Case of the Month #45 Major Obstetric Haemorrhage - Part 2

Published 16/11/2023

What are specific measures for controlling MOH?

This will depend on the cause of MOH. Specific management steps for MOH secondary to PPH (the most common cause of MOH) are detailed below. 

  1. Pharmacological (primarily treats uterine atony) 

  • After prophylactic administration of uterotonics (10 IU syntocinon IM following vaginal delivery or 5 IU syntocinon IV following operative delivery), Oxytocin 5 IU by slow IV injection - first line, acts via oxytocin receptors on myometrial cell membrane. Caution with haemodynamic instability or known cardiac disease. 

  • Ergometrine 0.5 mg (in 20ml 0.9% saline) by slow IV or 0.5mg in 1ml IM injection - second line, Ergot Alkaloid acting via dopamine, a-adrenergic and 5-HT3 receptors. Contraindicated in hypertension, myocardial ischaemia. Consider giving an antiemetic with administration.  

  • Oxytocin infusion (40 IU over 4 hours). 

  • Carboprost 0.25 mg IM - second line, via prostaglandin receptors. Repeated at intervals of 15 minutes to a maximum of eight doses, although more than four doses rarely effective. Caution with asthma/ obstructive lung disease. 

  • Misoprostol 400-600 micrograms (max 800) rectal, vaginal or sublingual - second line, via prostaglandin receptors. Can be repeated after 15 minutes if required. Caution with asthma/ obstructive lung disease. 

Tranexamic acid (TXA) is an anti-fibrinolytic and a dose of 1g IV should be administered as early as possible once blood loss is approaching 1000 ml and is ongoing. A second dose can be administered after 30 minutes if bleeding continues. 

  1. Mechanical 

  • External uterine massage 

  • Bimanual uterine compression 

  • Ensured the bladder is emptied/insert a Foley’s catheter 

  • Manual reduction of an inverted uterus 

  1. Surgical 

  • Manual removal of placenta/retained products of conception 

  • Repair of genital tract/perineal tears 

  • Prompt repair of any extensions of uterine incisions at caesarean section 

  • Vaginal/uterine packing 

  • Intrauterine balloon tamponade (“Backri” balloon). Appropriate first line surgical intervention where uterine atony is found to be the only or major causes of ongoing bleeding. 

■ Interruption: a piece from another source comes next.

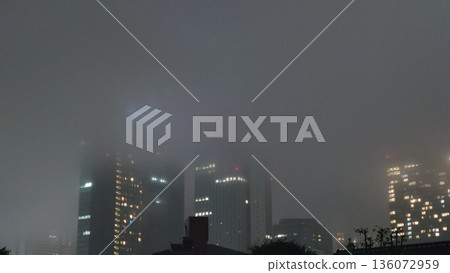 Foggy night city Foggy night city 136072959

  • Brace or “B-Lynch” suture - a conservative surgical intervention used second line, depending on clinical circumstances and available expertise. May be considered first line at the time of Caesarean section or laparotomy. 

  • Laparotomy and bilateral ligation of uterine arteries or internal iliac arteries. 

  • Hysterectomy - must be at least considered early with uncontrolled bleeding to allow mobilization of a second experienced clinician, where feasible. 

  1. Interventional Radiology 

This may be considered where there is provision of this service.  

  • Selective endovascular balloon occlusion (internal iliac or uterine arteries). 

  • Selective uterine artery embolization. 

Transfer to a radiology suite may not be appropriate in significant maternal haemodynamic instability.